Des analystes occidentaux mal informés tendent à dépeindre la bataille entre Rohani et Raisi comme une sorte de référendum entre un autoritarisme autarcique « à la russe » et un libéralisme économique « à la chinoise », sans se poser la question du régime lui-même.
La réalité est bien plus complexe. En résumé, le programme des “principlists” était fondé sur « la résistance économique », l’égalitarisme nominal, des variations sur le thème « mort aux USA », une promesse de cinq millions d’emplois et un déluge d’aides sociales. Les électeurs n’y ont pas cru.
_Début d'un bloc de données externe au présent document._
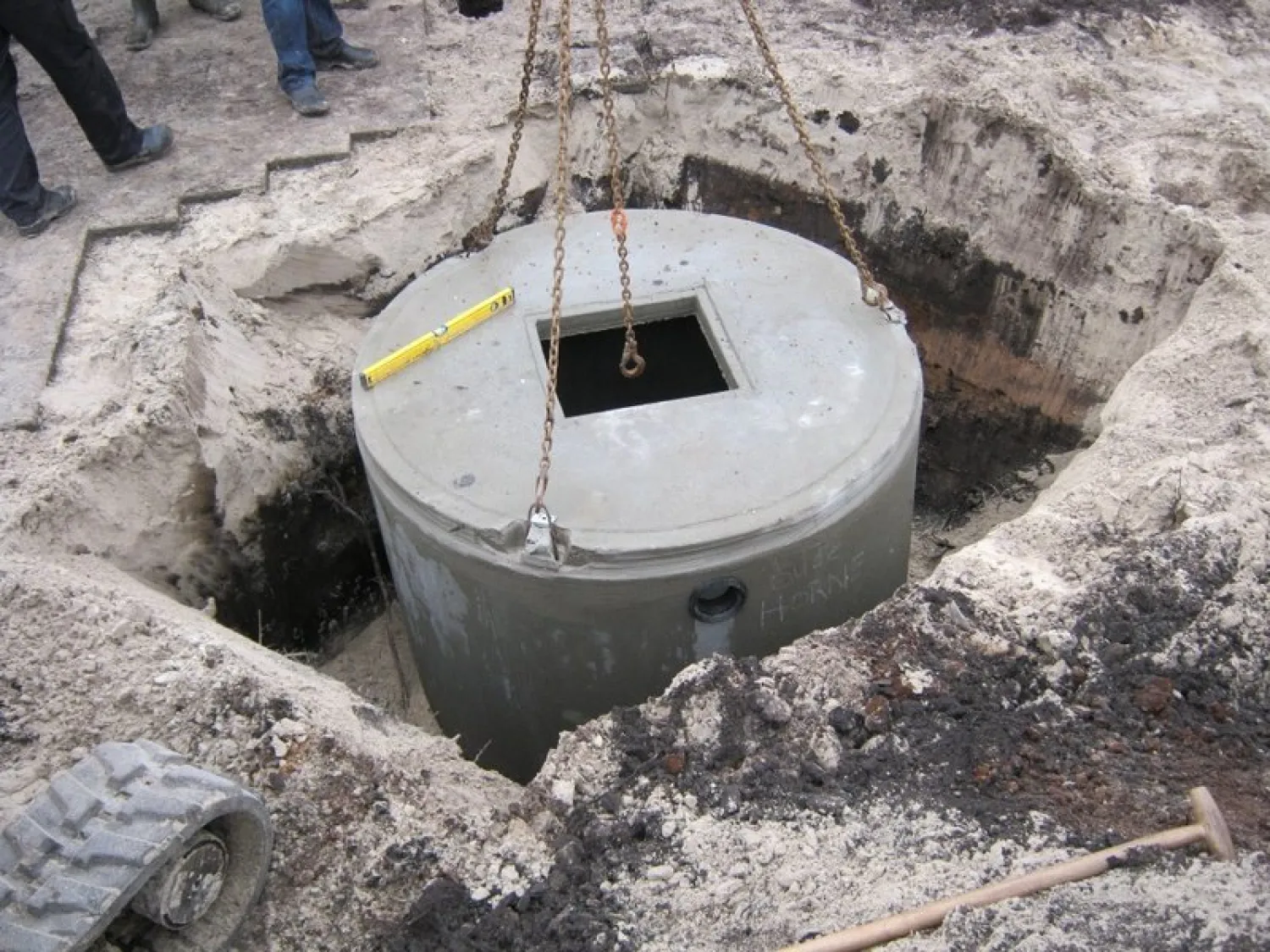 Betonputten: 2-10 m³ voor water & mestopslag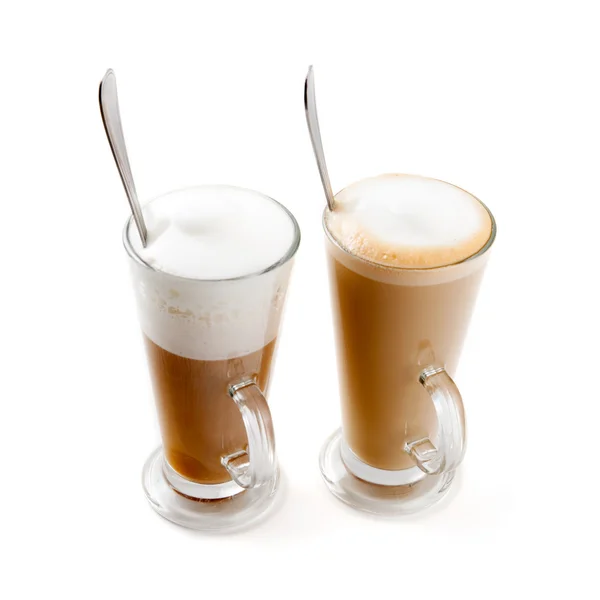 2 개의 키 큰 유리 커피 라 떼 — 스톡 사진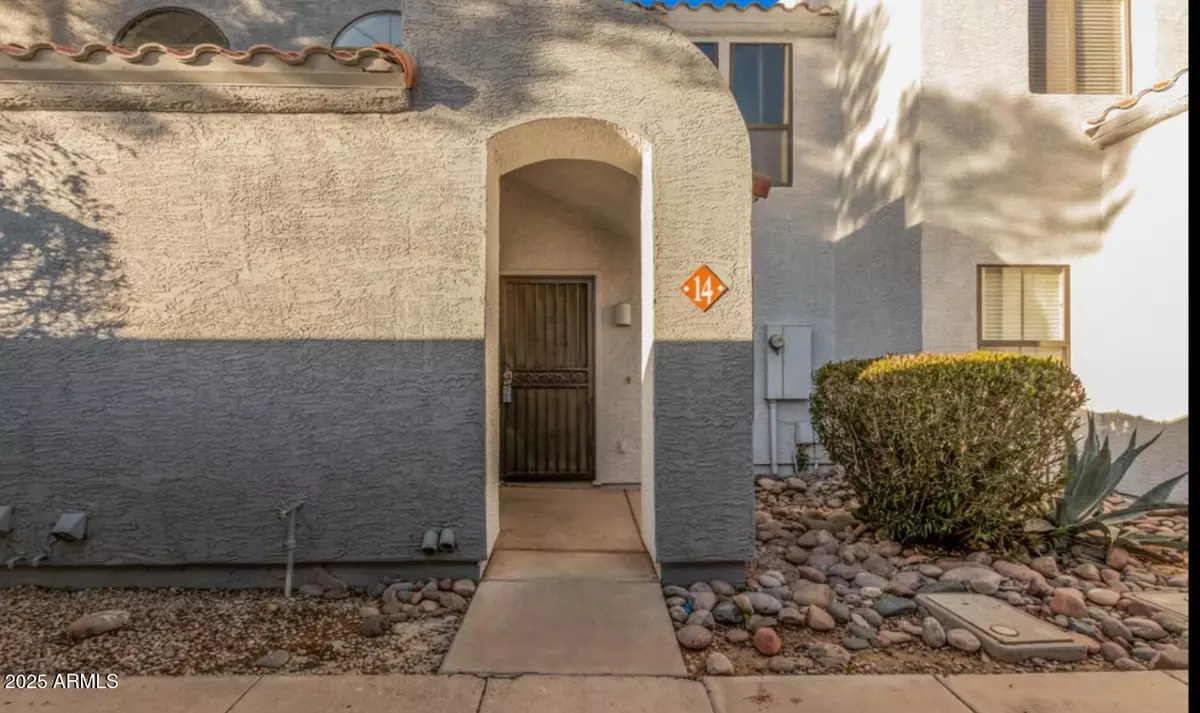 Chandler, AZ 85225,280 S ELIZABETH Way #14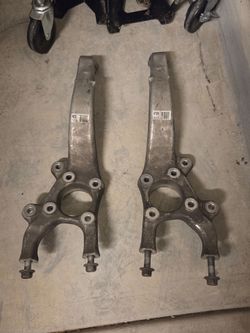 Lexus is250/350 front knuckle spindle set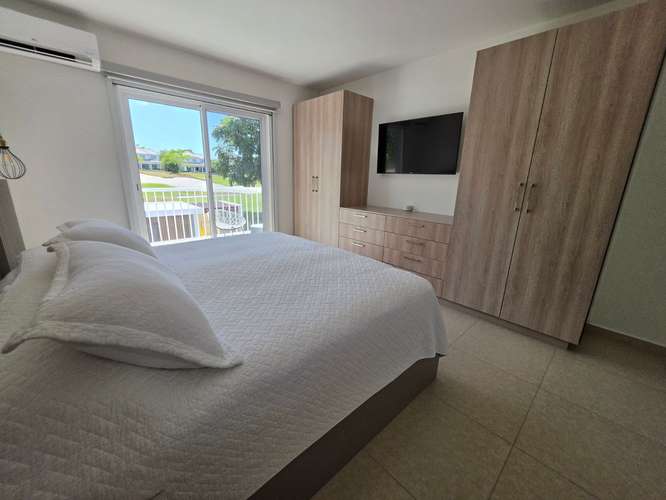 VENDO CASA. BIJAO. GATUN. REMODELADA. PLAYA. GOLF. PADEL.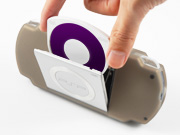 装着したままUMDの交換が可能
Rohani, pour sa part, promet que l’Iran bénéficiera un jour des fruits de la « mondialisation inclusive » (copyright Xi Jinping). Le développement du commerce et des investissements prend du temps, ainsi que celui d’une classe moyenne dans un contexte égalitaire. Cela implique des réformes-clés du système – dont il préfère garder les détails secrets pour le moment (« J’ai besoin de plus de 50% des voix pour procéder aux changements que j’ai à l’esprit »). Et cela implique de remettre en question certains fondamentaux du système.
Les électeurs iraniens forment une population assez sophistiquée. Les élites politiques doivent tenir leurs promesses, sinon ils sont renvoyés à l’anonymat. C’est un équilibre délicat : même une importante majorité veut des réformes sérieuses, graduelles, et elle ne veut pas de soulèvements supplémentaires. Pas après avoir enduré la Révolution islamique et les turbulences de son sillage ; l’épouvantable guerre de 8 ans Iran-Irak ; les années d’acrobaties d’Ahmadinejad; sans oublier le régime de sanctions le plus draconien de toute l’histoire de l’humanité, imposé par l’Occident.
L’équipe Rohani, et ses alliés réformistes de l’Assemblée des experts, auront dorénavant une forte influence sur la nomination du prochain Guide suprême si Khamenei, qui a 77 ans, décède au cours de ce mandat présidentiel.
Cela, en soi, signalerait un changement transcendantal. Pour le moment, la tâche consiste à remanier le système lentement mais sûrement, et de développer l’Iran en tant que plateforme-clé de la nouvelle intégration eurasienne via la Nouvelle Route de la Soie.